Copy only what lies from the line containing "objectives Project outputs" through the line containing "Newport Beach tide" in the entries below, keeping both end lines exact and dropping every picture.
** Opening Extracted data block **
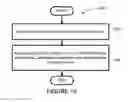 Fig. 16 - Enabling components of a playback device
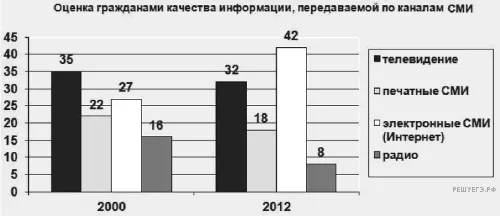 Рисунок к задаче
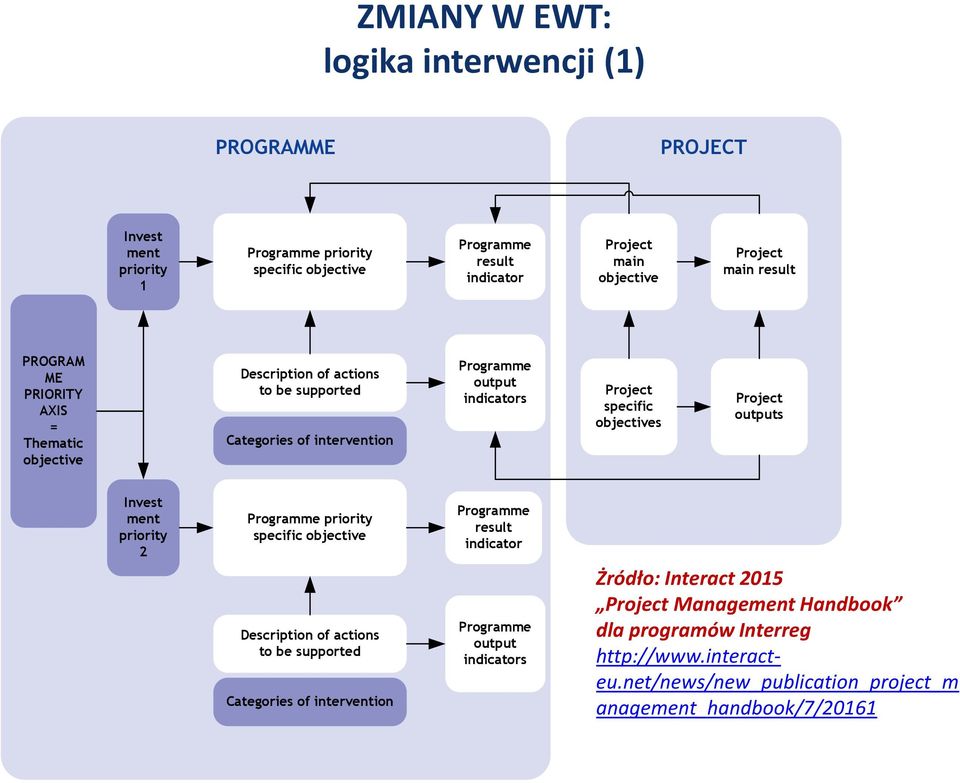 objectives Project outputs Invest ment priority 2 Programme priority specific objective Description of actions to be supported Categories of intervention Programme result
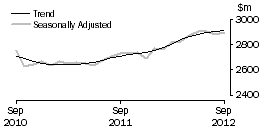 Graph: Cafes, restaurants and takeaway food services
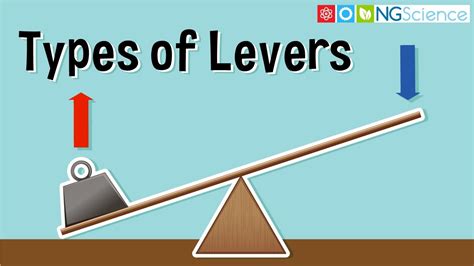 Types Of Levers Youtube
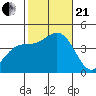 Newport Beach tide chart for Saturday, October 21, 2023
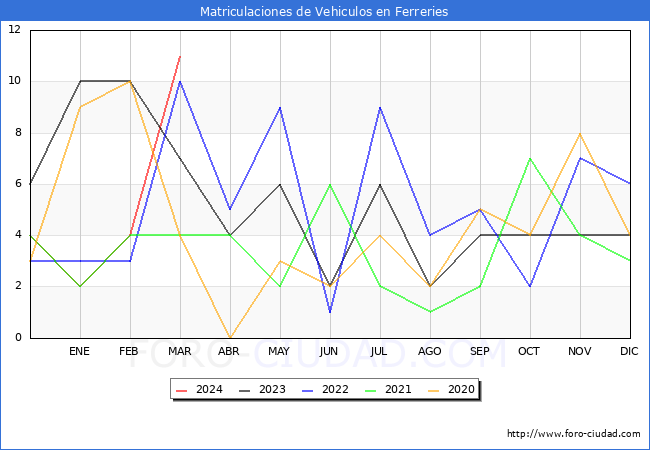 estadsticas de Vehiculos Matriculados en el Municipio de Ferreries hasta Marzo del 2024.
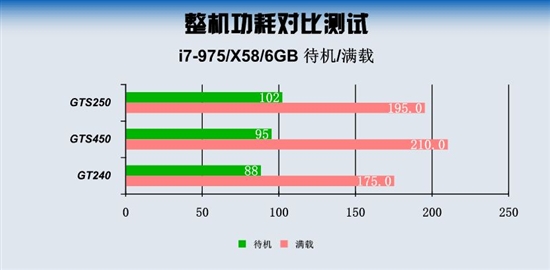 保证网吧老板投资！玩主流游戏选啥显卡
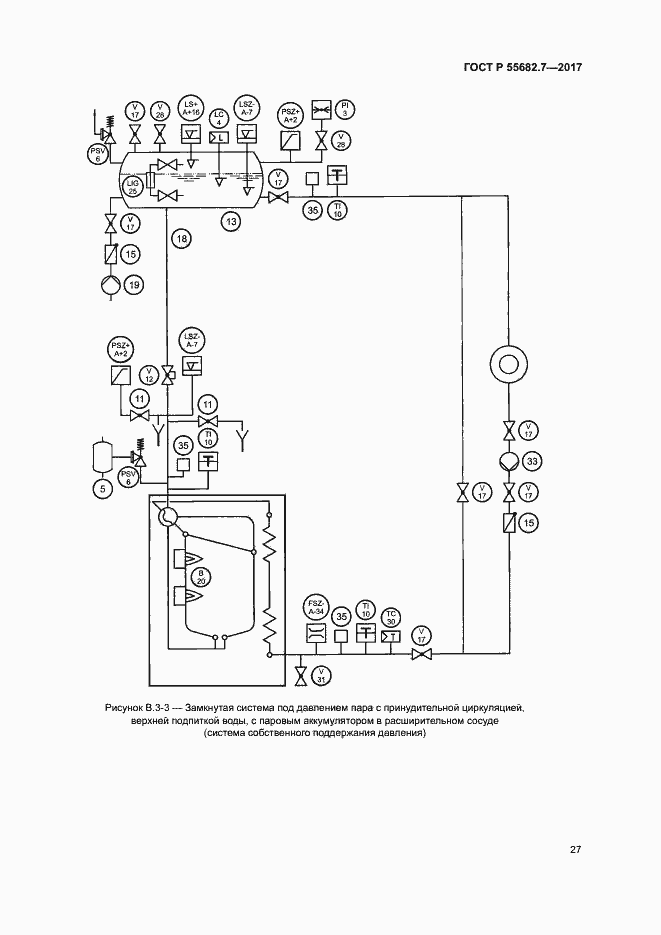 Страница 33 ГОСТ Р 55682.7-2017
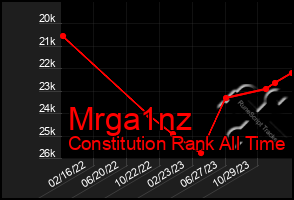 Total Graph of Mrga1nz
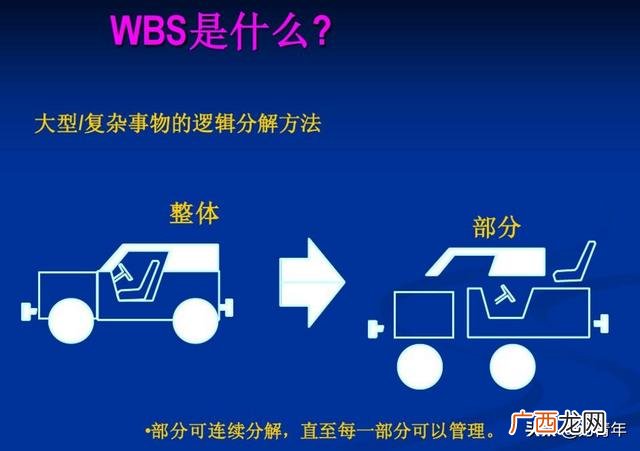 旅游wbs项目分解图 简单的wbs项目分解图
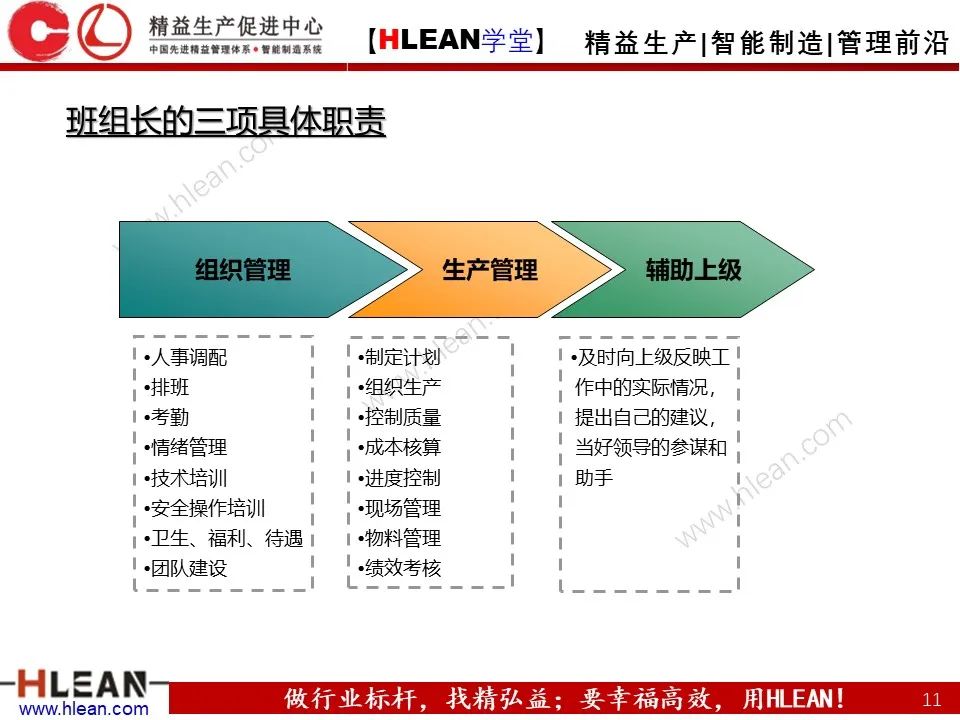 「精益學堂」班組長管理能力提升之品質管理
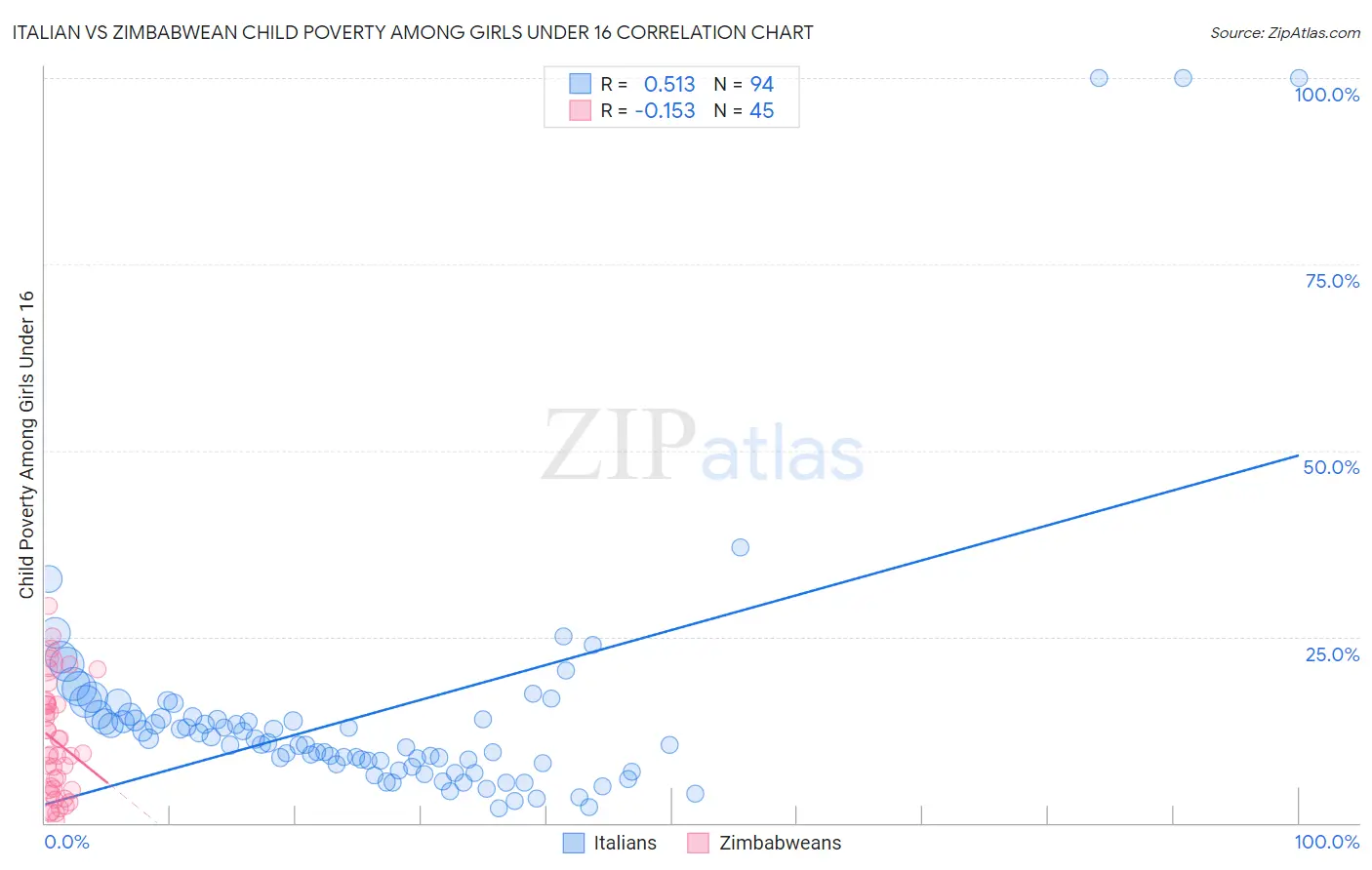 Italian vs Zimbabwean Child Poverty Among Girls Under 16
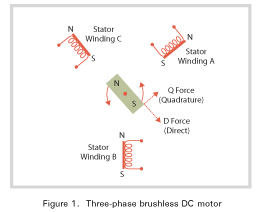 Three-phase brushless DC motor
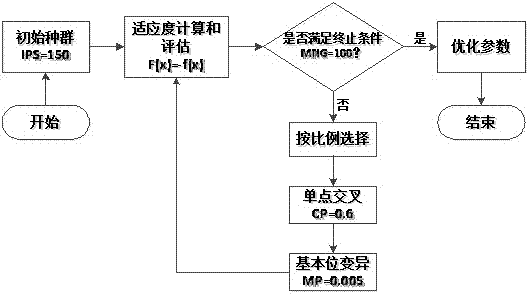 Optimal design method for series-parallel tuned mass dampers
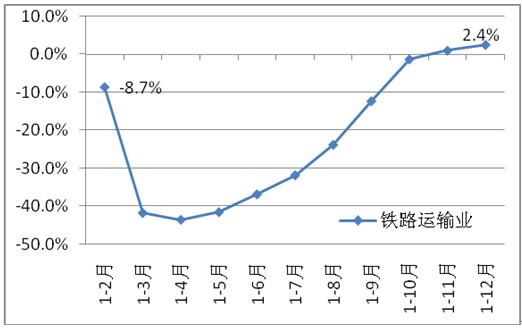圖9 鐵路運輸業投資增速(2012年)
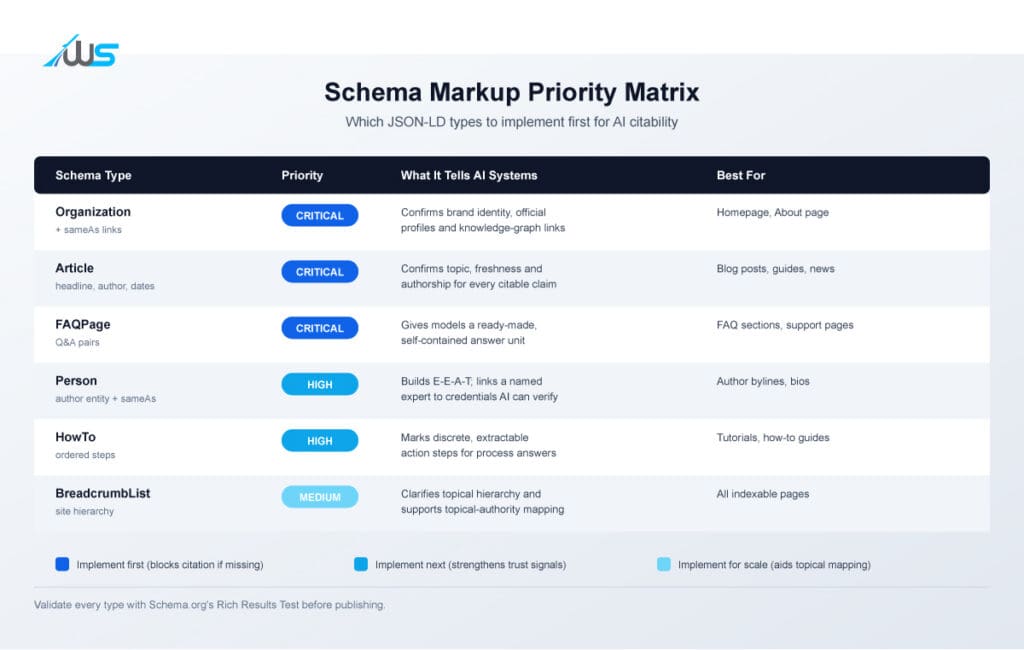 Schema markup priority matrix for improving AI citations and technical SEO.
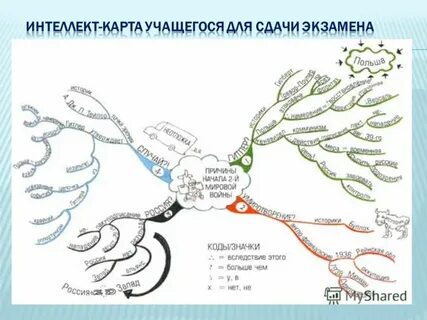 Интеллект карта по истории 10 класс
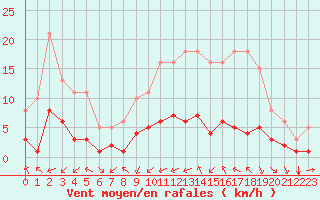 Courbe de la force du vent pour Saint-Martial-de-Vitaterne (17)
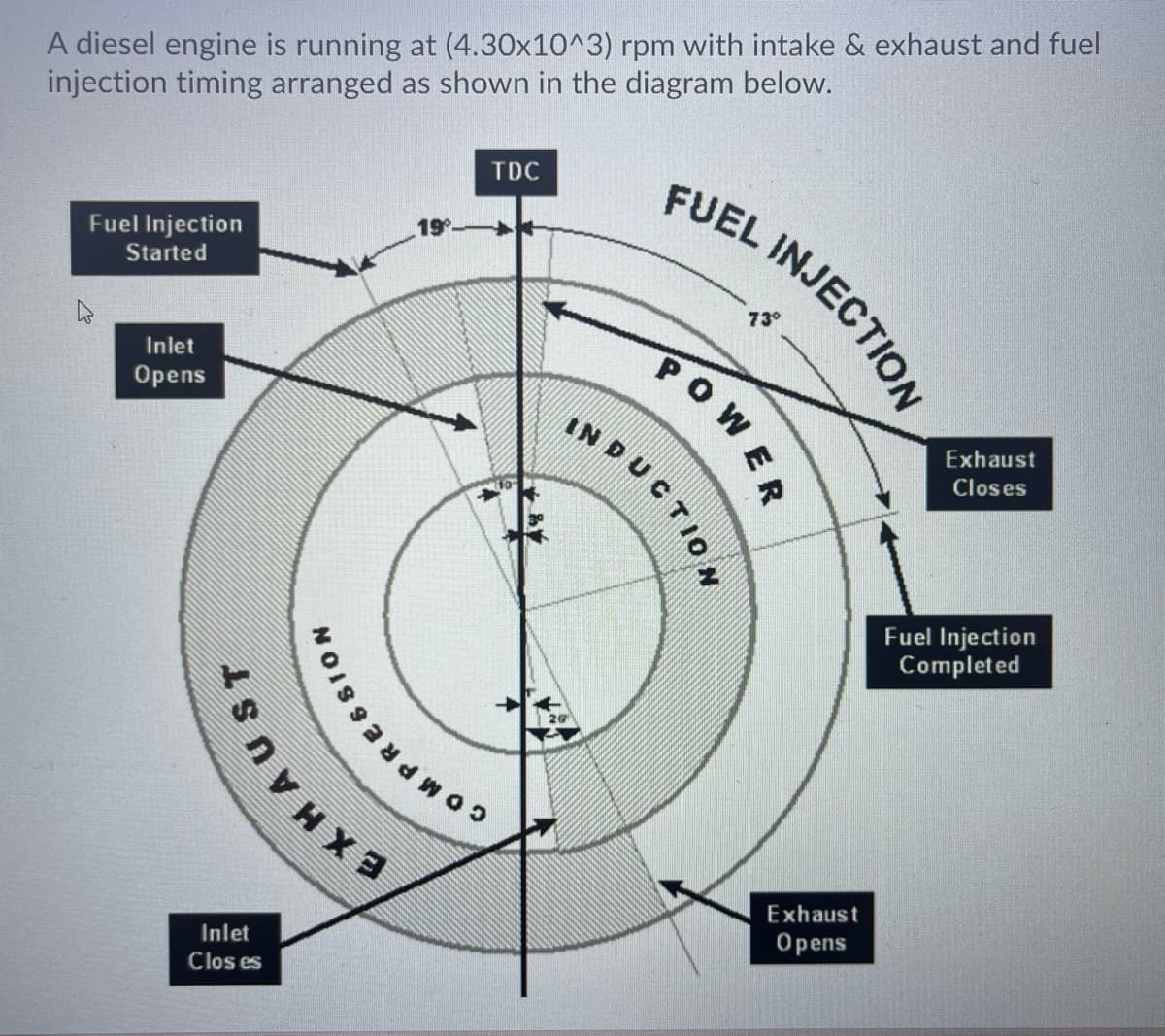 A diesel engine is running at (4.30x10^3) rpm with intake & exhaust and fuel
injection timing arranged as shown in the diagram below.
FUEL INJECTION
TDC
Fuel Injection
19
Started
Inlet
Opens
Exhaust
Closes
Fuel Injection
Completed
Exhaust
Opens
Inlet
Clos es
POWER
MPRESSION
** Closing Extracted data block **
= Output of the exercise =
 objectives Project outputs Invest ment priority 2 Programme priority specific objective Description of actions to be supported Categories of intervention Programme result
 Graph: Cafes, restaurants and takeaway food services
 Types Of Levers Youtube
 Newport Beach tide chart for Saturday, October 21, 2023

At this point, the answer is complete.